By EDITH M. LEDERER,
AP
Posted: 2008-01-17 21:47:22
UNITED NATIONS (AP) – The U.N. Security Council expressed regret at Myanmar’s slow progress in opening a dialogue with the opposition and called for the early return of U.N. envoy Ibrahim Gambari to help promote national reconciliation and the restoration of democracy.
The council “underscored the importance of making further progress” on the objectives it set out in an Oct. 11 statement, which include protecting human rights and releasing all political prisoners and detainees. “An early visit to Myanmar by Mr. Gambari could help facilitate this,” it said Thursday.
Gambari told reporters after meeting with the council that he asked to go to Myanmar later this month but the country’s military rulers sent word “that it’s not convenient and they will prefer mid-April.”

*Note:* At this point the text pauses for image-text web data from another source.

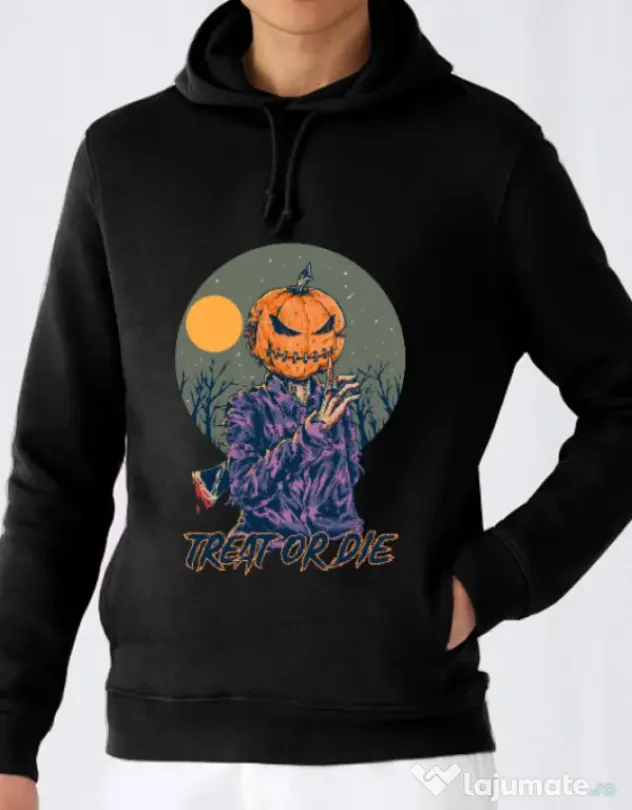 Hoodie barbat cu gluga Treat or die Negru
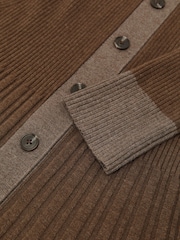 Reiss Mocha Brown Nova Pleated Knit Collared Midi Dress - Image 7 of 7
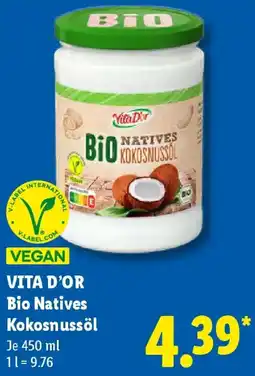 Lidl VITA D'OR Bio Natives Kokosnussöl Angebot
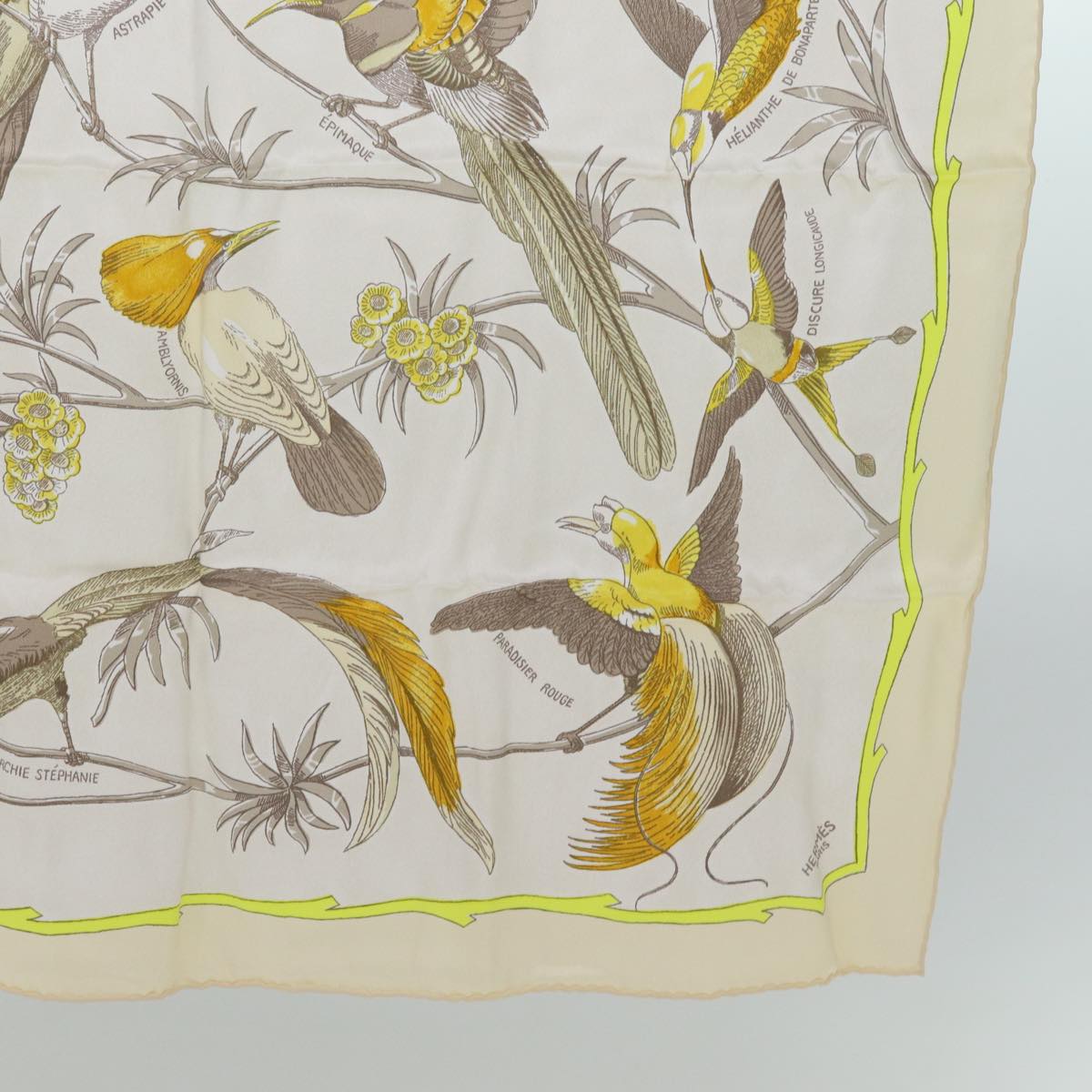 HERMES Carre 70 OISEAUX DES ILES Scarf Silk Beige Auth fm3310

He said Secretary-General Ban Ki-moon told the government “that’s not acceptable, and I agree, so we are in the process of negotiating an early, rather than a later, return to Myanmar.”
Myanmar’s junta has been strongly criticized for sending troops to quash peaceful protests against a fuel price hike, initially led by students and then by Buddhist monks, in late September. The government said 10 people were killed, but diplomats and dissidents say the death toll was much higher. Thousands of monks and civilians were arrested.
The Security Council on Thursday reiterated its support for Gambari’s efforts and for the objectives in its Oct. 11 statement, which strongly deplored the government’s crackdown and called for a “genuine dialogue” between the junta and the pro-democracy opposition.
Council members “regretted the slow rate of progress so far toward meeting those objectives,” the council statement said.
Britain’s U.N. Ambassador John Sawers said “it’s important that the council sets out that we can’t go back to the situation before the demonstrations of last September and the brutal repression of the authorities.”
“The government in Burma needs to respond to the concerns of the international community as set out” in the Oct. 11 statement, he said. Myanmar is also known as Burma.
Gambari said after his last visit to Myanmar from Nov. 3-8 that he was making progress in nudging Myanmar’s military junta toward meaningful dialogue with the pro-democracy opposition. But he acknowledged there were “serious concerns” about “the willingness of the government to move forward in a new direction.”
Asked Thursday whether there were any positive signs, Gambari noted that detained pro-democracy leader Aung San Suu Kyi met with a representative of the junta for the first time in nearly two months last Friday. It was their fourth meeting, and Gambari said he did not know what transpired.
But he said it is important “to translate these discussions into the inauguration of a substantive dialogue that will address the grievances of the people, which are both social-economic as well as political.”
While all regional countries are on record supporting his mission, Gambari said, “I’m not satisfied with that. I want that general verbal express of support to be translated into concrete action.”
Regional countries should “get the right message to the authorities in Myanmar to address the concerns of the international community, to listen to their own peoples,” he said.
U.S. Ambassador Zalmay Khalilzad said “countries with influence … need to express their displeasure with the lack of progress and encourage progress.”
“There is a huge gap between where we need to be and where we are,” he said.
Khalilzad singled out China, India and Myanmar’s fellow members in the Association of Southeast Asian Nations, and said the Security Council should also take “appropriate measures including sanctions as means to narrow that gap.”
Myanmar’s junta took power in 1988 after crushing the democracy movement led by Suu Kyi. In 1990, it refused to hand over power when Suu Kyi’s party won a landslide election victory. Since then, Suu Kyi has been in and out of detention, kept in near-solitary confinement at her home.